According to a notice [PDF] from J.Crew, someone hacked the company last year. For some reason we’re only finding out about it today, a year later.
“The information that would have been accessible in your jcrew.com account includes the last four digits of credit card numbers you have stored in your account, the expiration dates, card types, and billing addresses connected to those cards, and order numbers, shipping confirmation numbers, and shipment status of those orders,” J.Crew’s data breach notification explains.
You know, sometimes when I write about this stuff, like Facebook doing every bad thing under the sun with our data, I stop and think: “Am I just a cynical a**hole?” Then, when yet another idiot company has a data breach, I realize, no I’m just reporting reality. These companies deserve to be named and shamed.
Forensic company BlackBag, a Cellebrite company, recently found that locked Apple Notes are temporarily stored in an insecure state.
Let’s Encrypt announced on Saturday, February 29 that it discovered a bug in its Certification Authority Authorization (CAA) code.
A service I recently discovered is URL Canary. It creates a honeypot URL that you can then put in a location such as your cloud storage. It alerts you if that URL has been accessed.

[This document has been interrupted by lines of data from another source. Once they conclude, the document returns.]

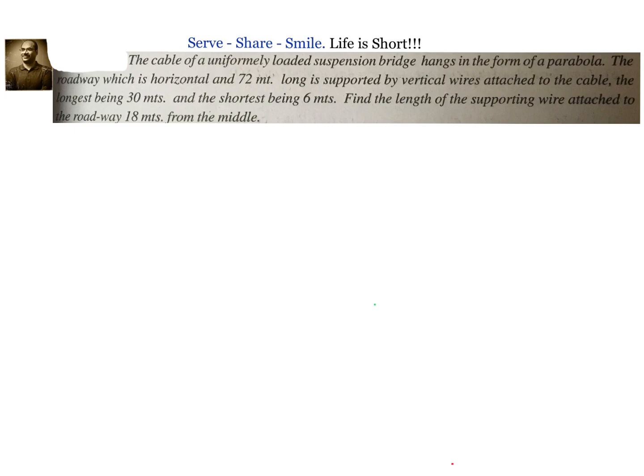Welcome back. This problem is related to coordinate geometry — conic sections, specifically parabolas. The cable of a uniformly loaded suspension bridge hangs in the form of a parabola. The roadway, which is horizontal and 72 meters long, is supported by vertical wires attached to the cable, the longest being 30 meters and the shortest being 6 meters. Find the length of the supporting wire 18 meters from the middle.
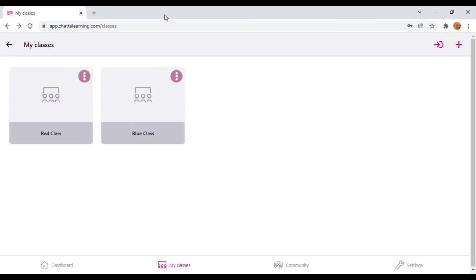To set up Chatter accounts for parents and carers, you will need to go to the My Classes screen in the Chatter software.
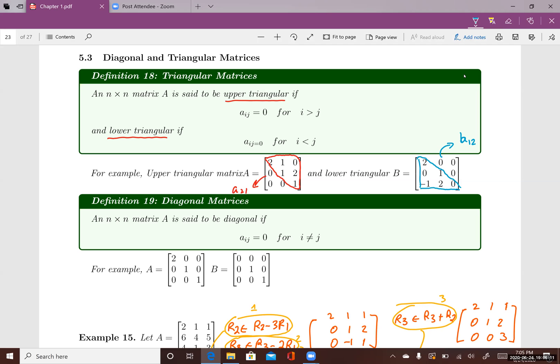Now we can talk about diagonal matrices. Diagonal matrices are actually a special case of triangular matrices. A square matrix A is said to be diagonal if, for all entries a_ij where i is not the same as j, those entries have to be zero.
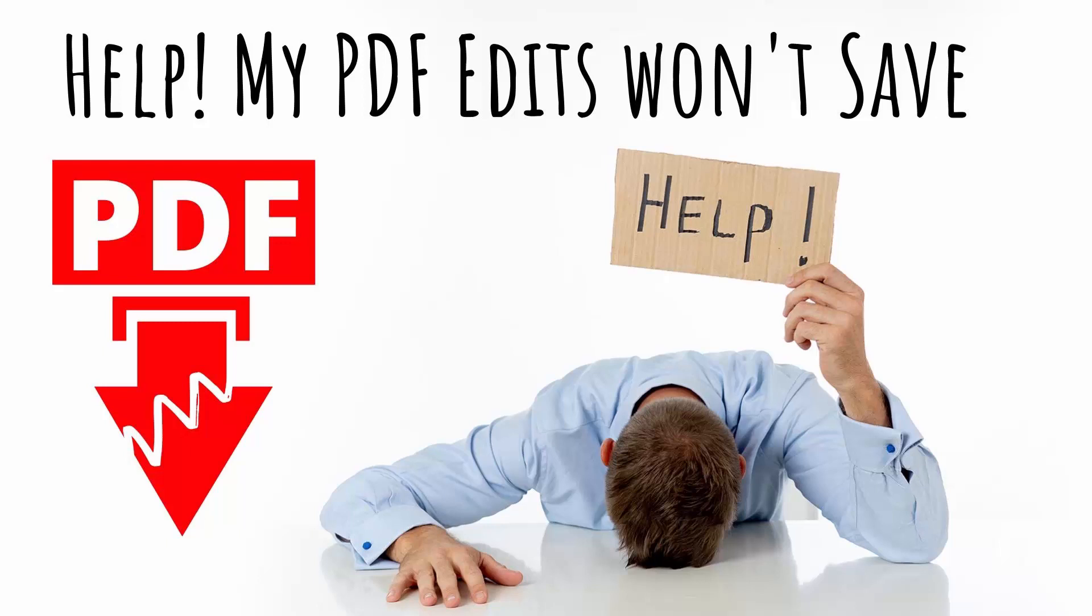Hello and welcome to this very quick video on how to make sure that you can save changes to a PDF file.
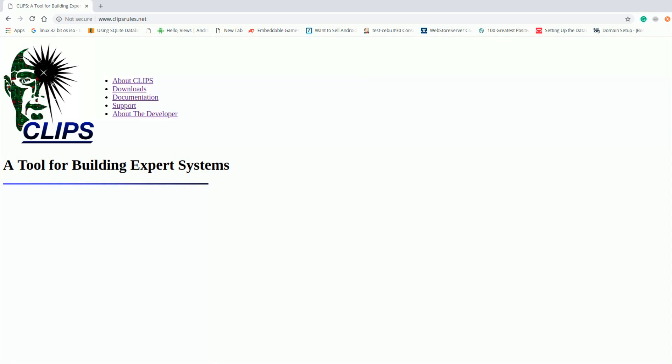Here is the site for CLIPS. The following sections are About CLIPS, Downloads, Documentation, Support, and About the Developer. The developer for CLIPS is Gary Riley.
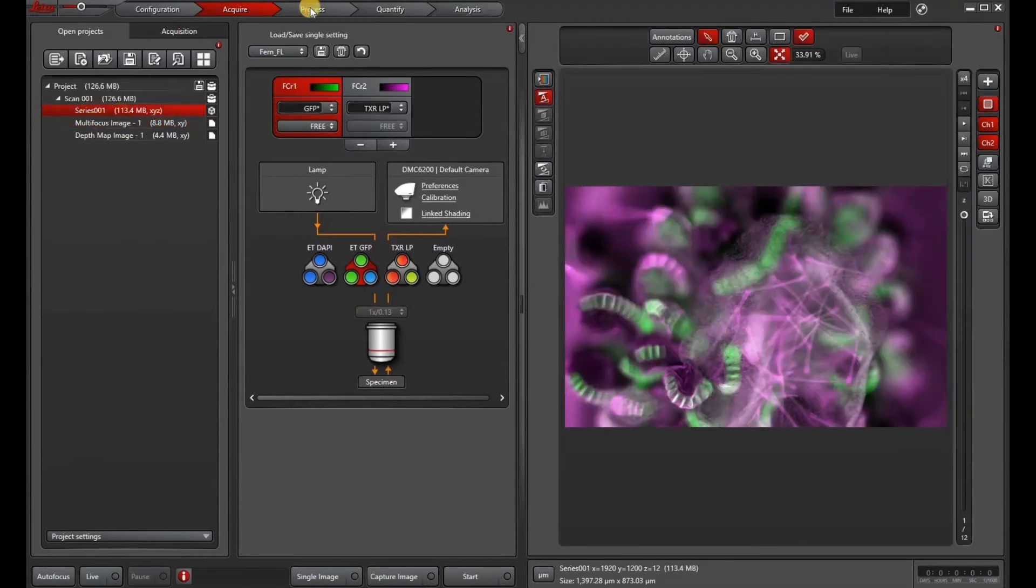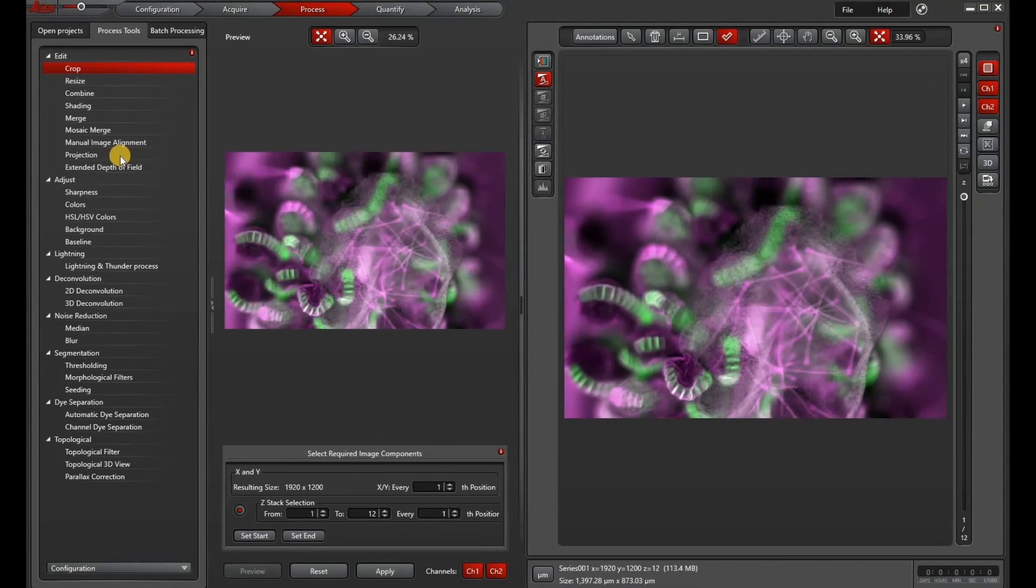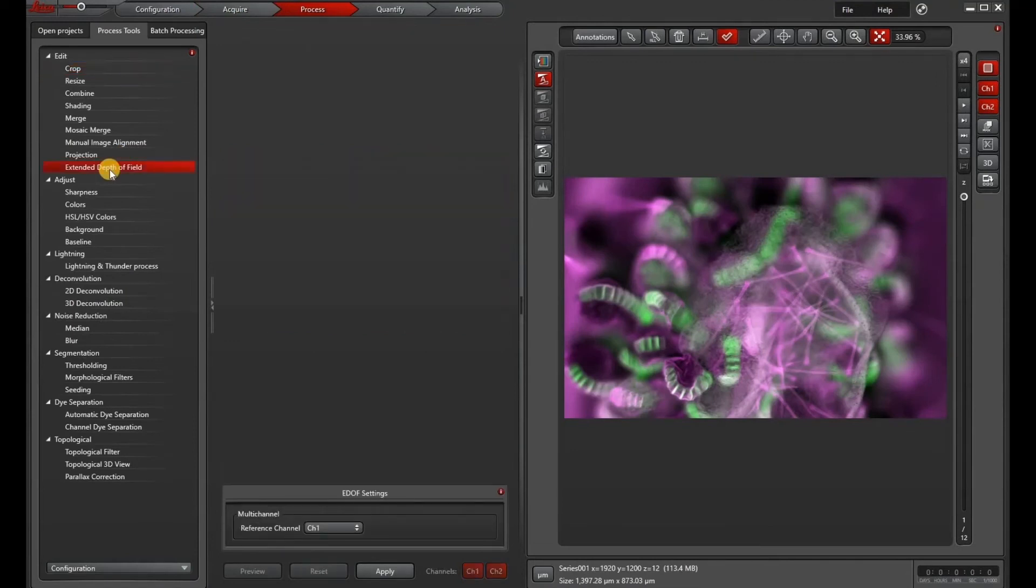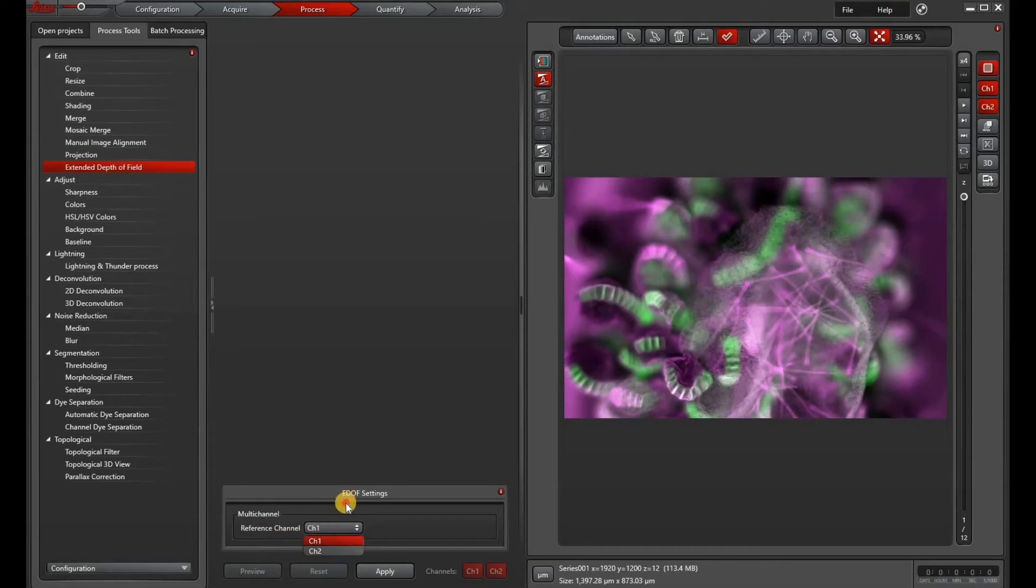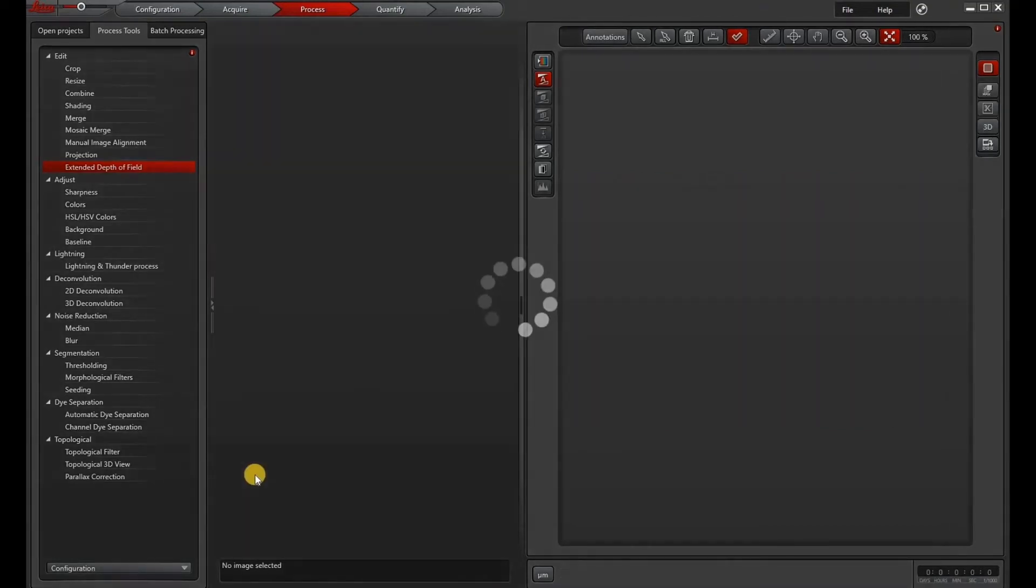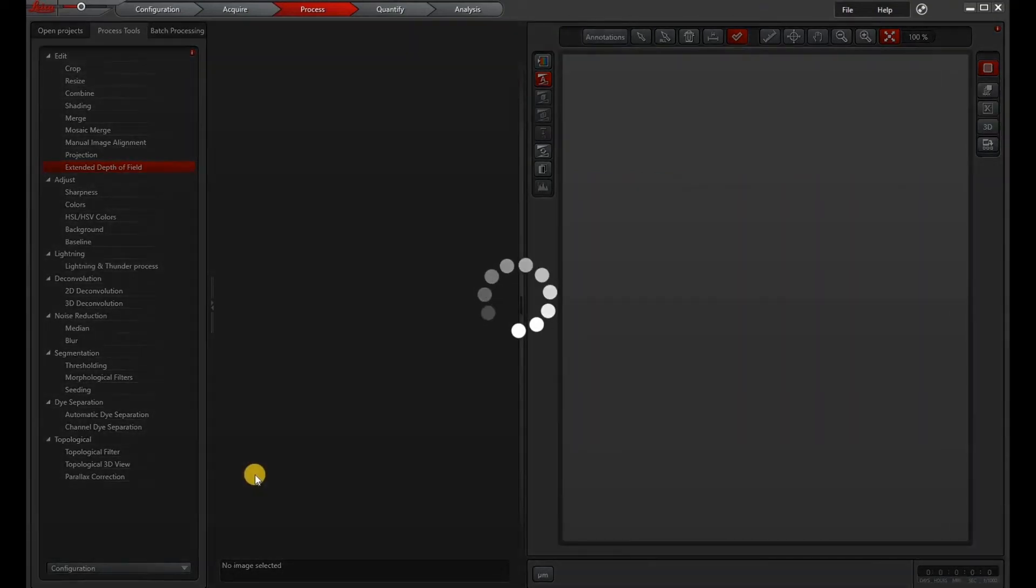So if you don't have the license for the create EDOF button in the z-stack window, you can always go to the process tools tab, select extended depth of field, and under the EDOF settings, you can choose a reference channel. This might depend on how clear or how many features you have in each channel. Once you've selected your reference channel, go ahead and hit apply.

URL Canary will catch automated robots and crawlers, as well as manual human attackers. The only time it won’t catch an attacker is if they don’t see the canary, or they don’t find it sufficiently-compelling and opt not to visit it. Since you have control of the URL and the domain name, you can make your canaries as compelling as possible for your specific use case.
There’s a similar service I know of called CanaryTokens.
Sir Andrew Parker is the head of MI5, the UK’s domestic security service. He wants tech firms to provide “exceptional access” to encrypted messages.
In an ITV interview to be broadcast on Thursday, Sir Andrew Parker says he has found it “increasingly mystifying” that intelligence agencies like his are not able to easily read secret messages of terror suspects they are monitoring.
Bah, this is smoke and mirrors. As the head of a security agency he knows that restricting backdoors to the good guys is impossible.
Clearview AI gained notoriety for partnering with law enforcement on facial recognition, using its database of billions of scraped images from the web. But someone just stole its list of clients.
…Clearview AI disclosed to its customers that an intruder “gained unauthorized access” to its list of customers, to the number of user accounts those customers had set up, and to the number of searches its customers have conducted. The notification said the company’s servers were not breached and that there was “no compromise of Clearview’s systems or network.”
Meanwhile, law enforcement on end-to-end encryption: “Who needs that kind of encryption, other than maybe the military? We don’t even — in law enforcement — use encryption like that.”
HackerOne is a bug bounty platform that connects companies with security researchers. Recently, when researchers used the platform to disclose six PayPal vulnerabilities, they were punished.
When our analysts discovered six vulnerabilities in PayPal…we were met with non-stop delays, unresponsive staff, and lack of appreciation…When we pushed the HackerOne staff for clarification on these issues, they removed points from our Reputation scores, relegating our profiles to a suspicious, spammy level.
This happened even when the issue was eventually patched, although we received no bounty, credit, or even a thanks…We’ll assume that HackerOne’s response is representative of PayPal’s response.
Researchers found that location data can be leaked to apps on iOS and iPadOS via the clipboard. Apple doesn’t see it as a problem.